CHOCOLATE and SAUERKRAUT (9): Sweet Torture
I called my American friend Sarrita from the lobby of the Hotel Palace: "Sarrita, I'm at a wine tasting in Charlottenberg. It's going on till five o'clock. There are at least 60 wines to taste from the Ahr, Nahe, Pfalz and Rheinhessen. This is like the Super Bowl of German wines." I was so excited that I barely gave her a moment to answer. Finally she said, "Hmmm. I don't know. I'm kind of tired. I was going to work on some stuff. Maybe next time, though." Americans, I thought, and proceeded back into the ballroom for more sweet torture.
Mainly I wanted Sarrita there so there would be another American witness to the glory of German wines. And I refer to this tasting (by far the largest I'd ever attended) as sweet torture because after the thirtieth or so sample I tasted, I could no longer smell all that accurately and the taste may have been objectively good, even perfect, but my mouth could no longer enjoy what it was tasting. My stomach felt a bit raw as well. I spit and spit and spit throughout the whole tasting, I spit into a basin so full of spit-up wine that my little trickle caused an upsurge to shoot back in my face, but at some point my palette became slack and tasting another exquisite Riesling seemed like very hard work.
That being said, I did taste some extraordinary wines and I met some of the growers whose wines I have been enjoying since I arrived in Berlin. One of the perks of the wine business is that the people who make wine tend to be really enthusiastic and fun to talk with. I learned about 'petrol-tone' which is a term for the smell of gasoline that is often found in old-vine Rieslings. I learned about the different growing sites and their reputations and I developed some generalizations of my own. The Oelberg site, for example, developed wines that, for me, had a nose very much like freshly cleaned linens drying in sunshine. The St. Anthony 2006 Oelberg Riesling had the most strongly developed laundry nose out of all the wines I tasted. The Kuhling Gillot 2006 Pattenthal Riesling had a much more pungent nose in which I detected everything from nectarines to St. Marcellin cheese.
When German wine makers talk about their wines they tend to use words like elegant, developed, and balanced. German wines, from what I've gathered, do not go out of their way to be earthy, rustic, or singularly set on conveying one scent note, like the very out of fashion 'oaky' Chardonnay's of California. This makes German wine tasting more difficult than wine tasting in Sonoma, for example, because if you were trained to notice the nose, mouth feel and acidity and grew up with wine growers who wanted you to be smacked over the head with their wines, then German Rieslings can be tough to distinguish between. There constructions are subtle, ethereal, even shy. That being said there were some wines I tasted at the beginning of my long journey into nacht that had exceptionally distinctive characteristics.

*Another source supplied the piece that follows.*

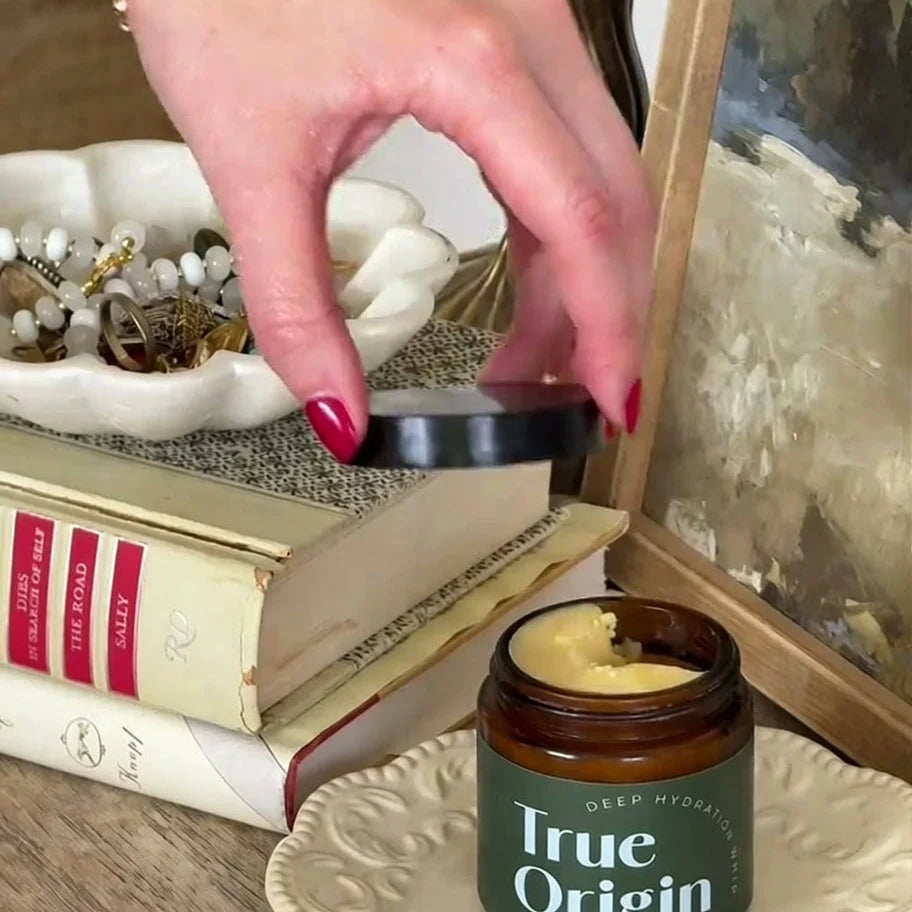 Hand lifting the lid off a Deep Hydration Whip jar on a styled vanity with books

The Wittmann Aulerdere 2006 had a sharp and flowery nose, which gave way to a yeasty hay smell and then to something much greener that reminded me of photosynthesis and the fact that grapes and grape leaves are really just sunshine junkies. The Schaefer-Froehlich 2006 Halenberg Riesling at first smelled so clean I thought of this ridiculous 'new car smell' my Dad used to have sprayed in his car after a trip to the carwash. As it opened up though, the 'new car smell' gave way to overripe tropical fruits. The structure of the taste was slow to open as well, a bit tight and acidic at first but then it smoothed out and balanced itself and the finish was quite long.
I suppose what I'm learning from German Riesling is that it's not enough to rely on scent cues and to revel in shocking, distinctive descriptions. What I seemed to have passed over in my years of drinking and studying wine is how taste the stuff. Tasting is a much more inexact, frustrating process for a writer. When wine is good, balanced, elegant, and smooth, there's nothing to do but close your eyes and enjoy it. But how do you write about that?